Gdy skończy nam się czas, kończymy rozdział i zdajemy raport. Na tej samej stronie, dzięki której mamy dostęp do filmików, odnajdziemy też pytania dotyczące rozegranej przez nas fabuły rozdziału, a wynik śledztwa zapisywany jest na naszym koncie. Szkoda tylko, że przy okazji nie można zapisać tam naszego stanu żetonów, co bardzo pomogłoby w zapamiętaniu stanu gry, gdybyśmy chcieli po zakończonym rozdziale przerwać na jakiś czas rozgrywkę.

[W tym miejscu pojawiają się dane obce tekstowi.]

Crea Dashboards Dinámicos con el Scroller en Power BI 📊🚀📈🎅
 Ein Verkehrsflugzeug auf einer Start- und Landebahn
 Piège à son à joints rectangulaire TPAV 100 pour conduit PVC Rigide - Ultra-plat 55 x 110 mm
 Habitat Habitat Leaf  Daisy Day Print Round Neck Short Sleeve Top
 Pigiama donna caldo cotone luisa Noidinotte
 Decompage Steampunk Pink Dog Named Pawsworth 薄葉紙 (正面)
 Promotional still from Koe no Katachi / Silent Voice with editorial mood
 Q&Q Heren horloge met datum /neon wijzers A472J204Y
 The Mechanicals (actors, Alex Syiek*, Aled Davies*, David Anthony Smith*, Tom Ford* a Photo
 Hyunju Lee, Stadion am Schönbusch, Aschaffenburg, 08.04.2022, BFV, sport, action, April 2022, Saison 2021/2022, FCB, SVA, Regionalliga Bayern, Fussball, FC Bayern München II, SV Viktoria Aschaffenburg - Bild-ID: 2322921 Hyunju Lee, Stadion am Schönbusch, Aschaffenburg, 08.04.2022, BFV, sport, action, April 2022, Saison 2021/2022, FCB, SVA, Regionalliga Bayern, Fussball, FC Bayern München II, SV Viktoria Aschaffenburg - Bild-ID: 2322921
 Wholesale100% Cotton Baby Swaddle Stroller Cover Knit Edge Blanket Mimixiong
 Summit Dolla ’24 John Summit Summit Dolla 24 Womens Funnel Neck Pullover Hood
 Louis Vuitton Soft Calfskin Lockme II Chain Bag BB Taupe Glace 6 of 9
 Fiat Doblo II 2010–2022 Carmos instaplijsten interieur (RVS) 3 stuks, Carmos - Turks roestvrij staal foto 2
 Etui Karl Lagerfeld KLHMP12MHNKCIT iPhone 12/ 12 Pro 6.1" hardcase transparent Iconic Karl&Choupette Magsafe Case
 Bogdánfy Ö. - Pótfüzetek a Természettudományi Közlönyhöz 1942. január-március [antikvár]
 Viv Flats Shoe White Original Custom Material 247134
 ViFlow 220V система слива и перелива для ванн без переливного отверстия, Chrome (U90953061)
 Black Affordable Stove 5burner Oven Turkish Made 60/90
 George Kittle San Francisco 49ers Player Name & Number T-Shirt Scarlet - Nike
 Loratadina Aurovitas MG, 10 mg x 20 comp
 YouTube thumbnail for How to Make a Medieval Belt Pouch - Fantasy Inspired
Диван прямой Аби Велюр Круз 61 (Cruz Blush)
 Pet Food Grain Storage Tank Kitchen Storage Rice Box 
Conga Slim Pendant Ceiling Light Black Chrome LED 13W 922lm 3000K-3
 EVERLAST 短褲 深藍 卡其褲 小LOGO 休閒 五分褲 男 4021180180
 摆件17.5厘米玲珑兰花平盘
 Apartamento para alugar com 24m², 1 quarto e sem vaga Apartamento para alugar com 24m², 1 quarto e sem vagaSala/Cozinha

Pomiędzy poszczególnymi rozdziałami drużyna otrzymuje punkty doświadczenia, za które może kupować rozwinięcia dla postaci pozwalające na dobieranie dodatkowych żetonów. Awanse te zrealizowane są za pomocą naklejek na karty postaci. Ten niewielki element rozgrywki typu legacy można oczywiście pominąć i rozwinięcia zapisywać na kartce, zwłaszcza jeżeli chcemy zagrać w “Diuna: Sekrety Rodu” z więcej niż jedną grupą.
Legacy
Gry typu “legacy” to pewnym uproszczeniu planszówki, które zagramy tylko raz. Część ich mechaniki związana jest albo z niszczeniem elementów gry, albo jak w wypadku gry “Diuna: Sekrety rodu”, ich zmianie poprzez naklejenie lub zaklejanie określonych fragmentów instrukcji lub samych “bebechów” planszówki. Gry tego typu są często dość długie (na przykład “Gloomhaven” oferuje około 100 godzin zabawy), ale zwykle też dzielone są na zjadliwe pod względem długości odcinki z możliwością zapisu stanu i powrotu do rozgrywki za jakiś czas, dzięki czemu można o nich generalnie mówić jak o swego rodzaju planszowej kampanii. Wszystko to sprawia, że bardzo lubię takie gry, bo dają wrażenia jedyne w swoim rodzaju.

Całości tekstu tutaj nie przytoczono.